The Gaithersburg Observatory was constructed by Edwin Smith, Chief of the Instrument Division of the U.S. Coast and Geodetic Survey (This agency, now the National Oceanic and Atmospheric Administration, operated the International Polar Motion Service observatories in the United States.) Between 1891 and 1892 Smith had been conducting measurements of the variation of latitude on a volunteer basis from his home in Rockville, Maryland, and made nearly 1800 individual measurements on 146 nights, until his regular work forced him to discontinue his observations. However, when the International Geodetic Association allocated funds for the purchase of land in Gaithersburg in 1898, Smith was entrusted with the construction of the Gaithersburg Observatory, which began operating on October 18, 1899.
The original six observatories around the world worked in close concert carrying out a program of star study selected by Dr. Kimura, the astronomer in charge of the Mizusawa station. Twelve groups of stars, each containing six pairs of stars, were selected. Two groups of stars were observed each night at each station in accordance with a schedule of dates, time, and duration prepared by Dr. Kimura. The irregular daily motion of the earth's axis was believed to be extremely small, but the extent could be determined by the precise measurements of the stars. The six stations worked documenting the data to support latitude variations until 1914. Economic constraints forced the closing of the Gaithersburg and Cincinnati stations in 1915. During World War I contact was lost with the Charjui station. When communication with the Russian observers was resumed, the association learned that star movement data had been recorded through 1919. After World War I the Soviets continued to participate in this program with the establishment of a new station in Kitab in Uzbekistan, USSR.

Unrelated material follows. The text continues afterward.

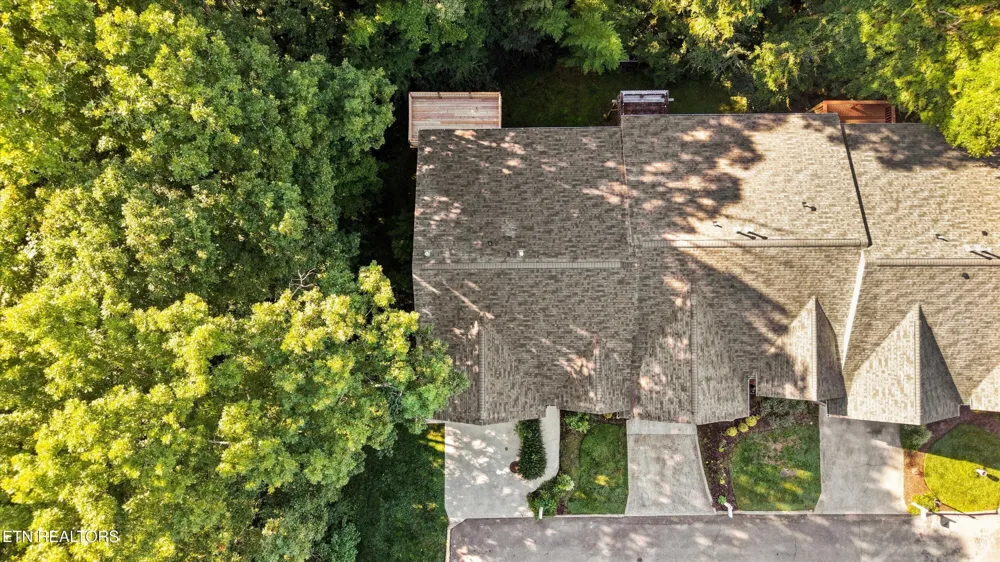 3254 Mountain Spring Way Knoxville, TN 37917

While the Cincinnati station remained closed and was eventually dismantled, the Gaithersburg Latitude Observatory resumed operations in 1932. Upon reopening, it functioned continually in cooperation with its sister observatories through out the world until computerization rendered its use obsolete in 1982.
The scientific work conducted at the Gaithersburg Latitude Observatory illustrates the systematic approach sought by the International Geodetic Association to measure the degree of "wobble" occurring on the earth' s north-south axis. Although superseded by newer technologies using satellite observations the wealth of data returned from Gaithersburg and the other five observatories is used by scientists today to determine polar motion; the size, shape and physical properties of the earth; to predict climate and earthquakes; and to aid the space program through the precise navigational patterns of orbiting satellites.
The city of Gaithersburg designated the observatory as a local historic site in December 1983. In July 1985 the site was listed in the National Register of Historic Places. The observatory property was conveyed to the city of Gaithersburg in May 1987 by the federal government, with the proviso that it be preserved as a historic monument and used for the benefit of the public. At the present time the city of Gaithersburg plans to restore the latitude observatory and build a science education center, on the site of the caretaker's house, for the use of the school children of Gaithersburg.